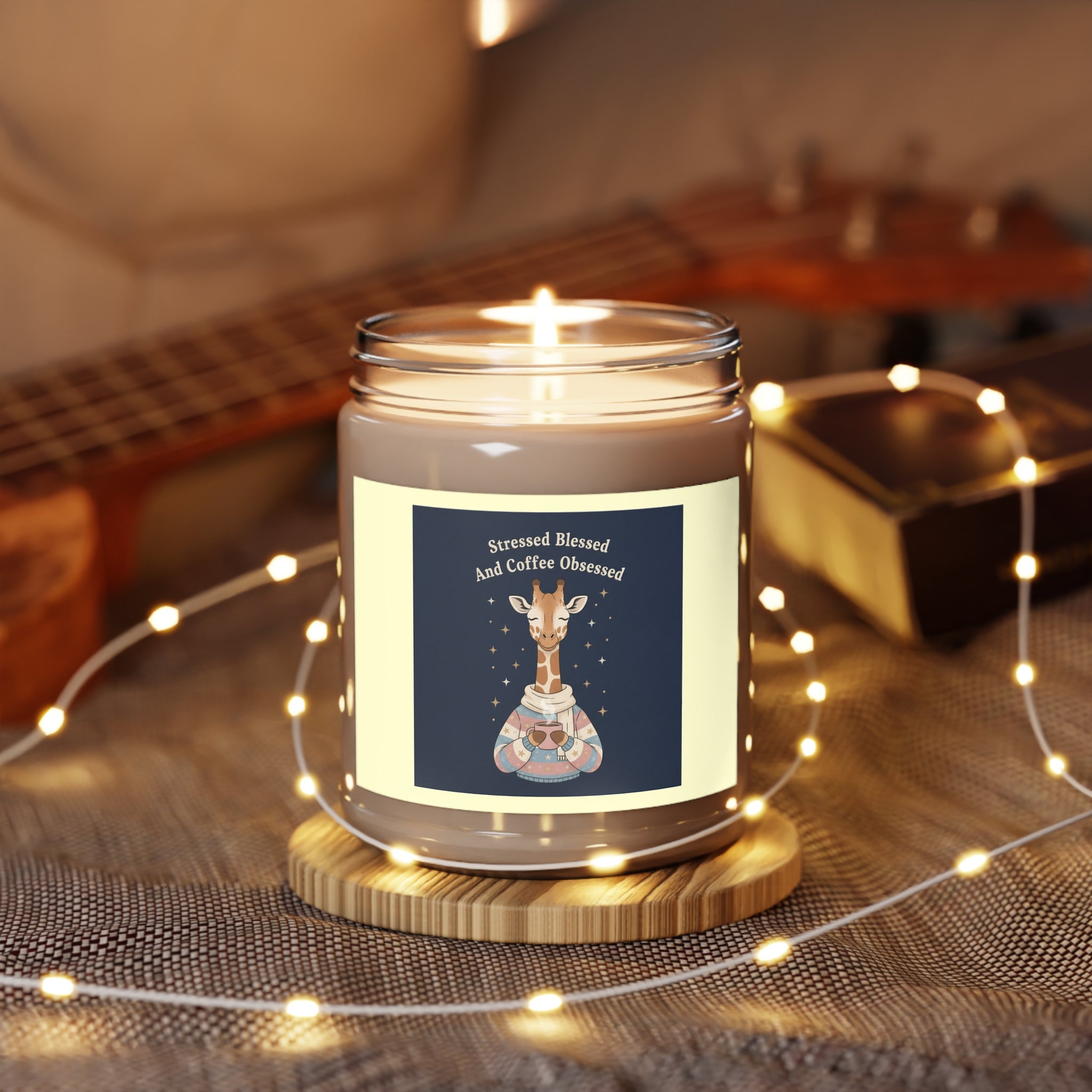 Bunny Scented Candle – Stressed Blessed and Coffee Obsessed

--

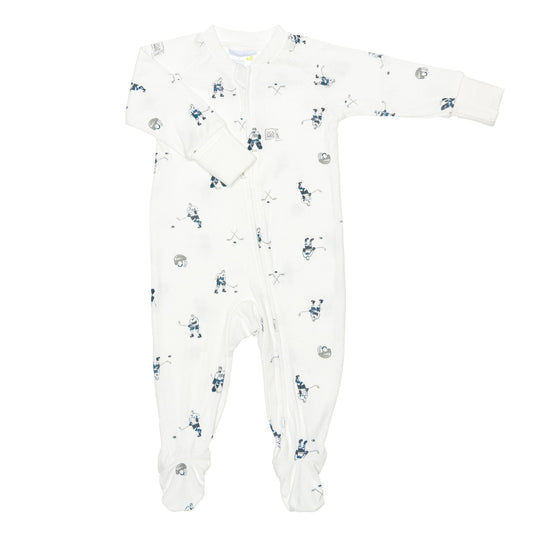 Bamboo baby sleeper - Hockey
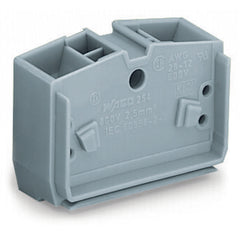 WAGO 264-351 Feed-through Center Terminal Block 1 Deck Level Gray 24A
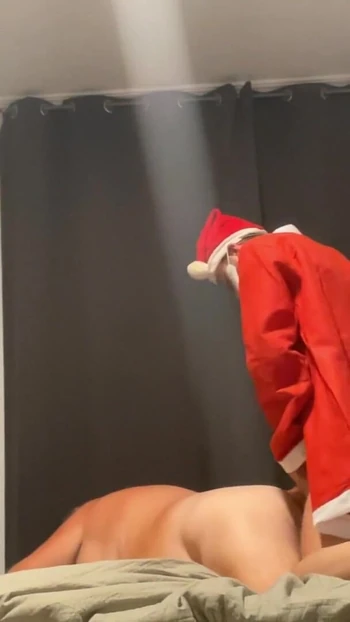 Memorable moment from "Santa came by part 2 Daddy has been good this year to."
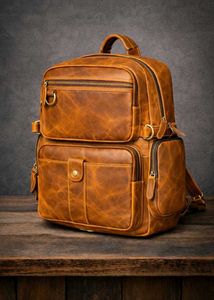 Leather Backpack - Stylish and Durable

§ WHAT THE TASK REQUIRES: Your answer must be everything above from the line with "Memorable moment from" down to the line with "Leather Backpack - Stylish and Durable", word for word, and no pictures.

§ THE ANSWER:
 Memorable moment from "Santa came by part 2 Daddy has been good this year to."
 Leather Backpack - Stylish and Durable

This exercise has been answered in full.